++++ EXERCISE MATERIAL
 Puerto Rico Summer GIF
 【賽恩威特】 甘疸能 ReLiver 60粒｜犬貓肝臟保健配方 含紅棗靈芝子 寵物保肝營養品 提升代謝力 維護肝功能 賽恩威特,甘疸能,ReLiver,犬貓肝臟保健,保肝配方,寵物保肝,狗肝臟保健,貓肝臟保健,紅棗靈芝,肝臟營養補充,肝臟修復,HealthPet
++++++++
++++ EXERCISE MATERIAL
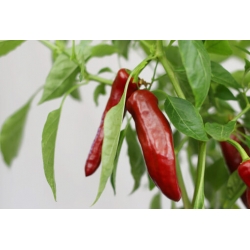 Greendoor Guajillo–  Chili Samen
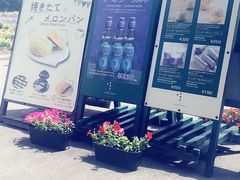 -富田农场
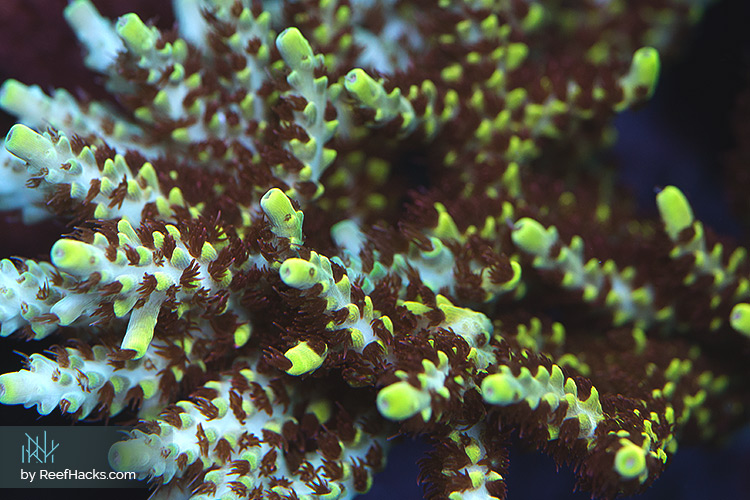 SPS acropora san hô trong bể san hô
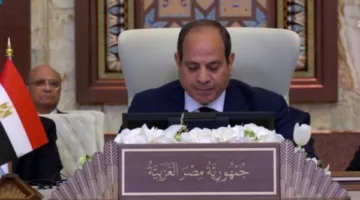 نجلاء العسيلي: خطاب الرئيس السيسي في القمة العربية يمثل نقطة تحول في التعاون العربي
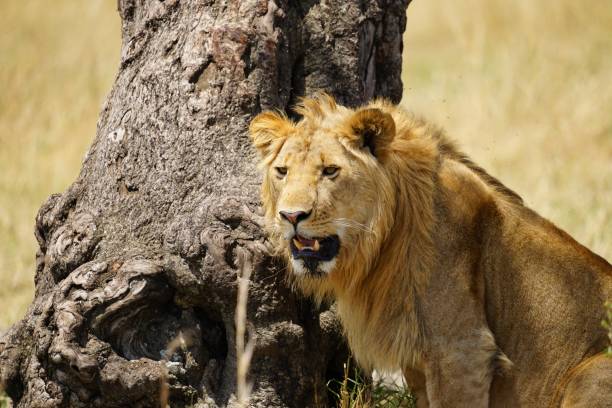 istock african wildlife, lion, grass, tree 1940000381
++++++++
++++ EXERCISE MATERIAL
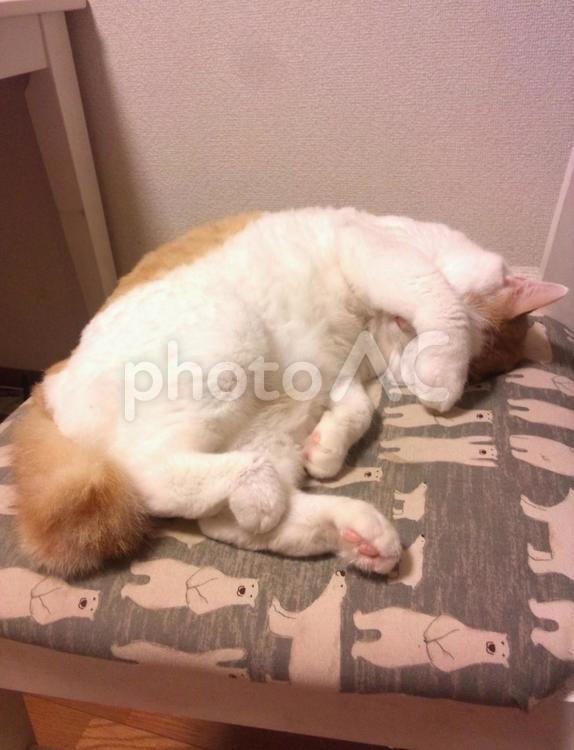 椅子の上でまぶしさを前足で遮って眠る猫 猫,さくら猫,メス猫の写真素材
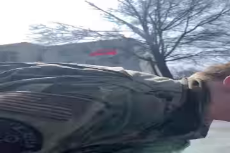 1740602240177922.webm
++++++++
| TASK STATEMENT |
Retype exactly the span of lines from the one with "Puerto Rico Summer GIF" through the one with "甘疸能 ReLiver 60粒｜犬貓肝臟保健配方"; include both ends and omit the rest of the material.

| ANSWER SECTION |
 Puerto Rico Summer GIF
 【賽恩威特】 甘疸能 ReLiver 60粒｜犬貓肝臟保健配方 含紅棗靈芝子 寵物保肝營養品 提升代謝力 維護肝功能 賽恩威特,甘疸能,ReLiver,犬貓肝臟保健,保肝配方,寵物保肝,狗肝臟保健,貓肝臟保健,紅棗靈芝,肝臟營養補充,肝臟修復,HealthPet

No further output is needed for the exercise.